The problem is that LEDs exhibit higher efficiency at lower current drive levels and when they reach Vf or more the efficiency drops and 10-50ma is closer to the entire range of an LED than rather an small range where you could get more of a rough estimate. My advice is to use a linear regulator instead of a resistor and use it thus eliminating any guesswork involved.


----------



## MeMeMe (Aug 27, 2018)

*Re: Looking for some "close enough" internal resistance values for 5mm thru-hole LEDs*



fyrstormer said:


> If I were _really_ motivated, I could rig up some electronics to measure the LEDs' actual internal resistance, but I'm not that motivated. What I'd like instead is some "close enough" estimates of the typical internal resistance for red (1.6Vf), orange (2.0Vf), yellow (2.2Vf), and white (3.2Vf) LEDs, so I can plug them into my resistor-calculating spreadsheet. Can anyone help me with this?



Frequent lurker, not a poster, but found the responses to this thread frustrating .. so .. Well you will have to be a bit motivated as I can tell you how to do it without making any measurements, but I will leave the actual work to you.

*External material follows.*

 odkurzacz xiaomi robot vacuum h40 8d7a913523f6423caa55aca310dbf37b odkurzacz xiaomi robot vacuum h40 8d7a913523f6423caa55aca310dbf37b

Every LED data sheet has a Vf vs. I curve. Pick some representative parts similar to what you are going to use, look up a few Vf/I pairs on the graph, say at 10mA, 30mA, and 60mA, and calculate the resistance. As the Vf is quite different between colors and technology, you will likely need to do this for a RED (AlInGaAp technology), Yellow, Blue (same as white), and Green, but careful on the type of green, as it can be yellowy green (AlInGaAp) or a more pure green (InGaAn).

You will need to pick a LED rated for a similar current to what you use, i.e. a 20mA unit, or your numbers will be way off.

While the resistance will vary a lot between different LED types, contrary to the posts above, it will be relatively consistent between 10 and 60mA for a 20mA LED.

Again, contrary to the posts above, the internal resistance of an LED is useful and necessary in many cases, i.e. estimating current ripple, estimating current mismatch in parallel strings (or series-parallel), as a parameter in LED power supply control loops, etc.


----------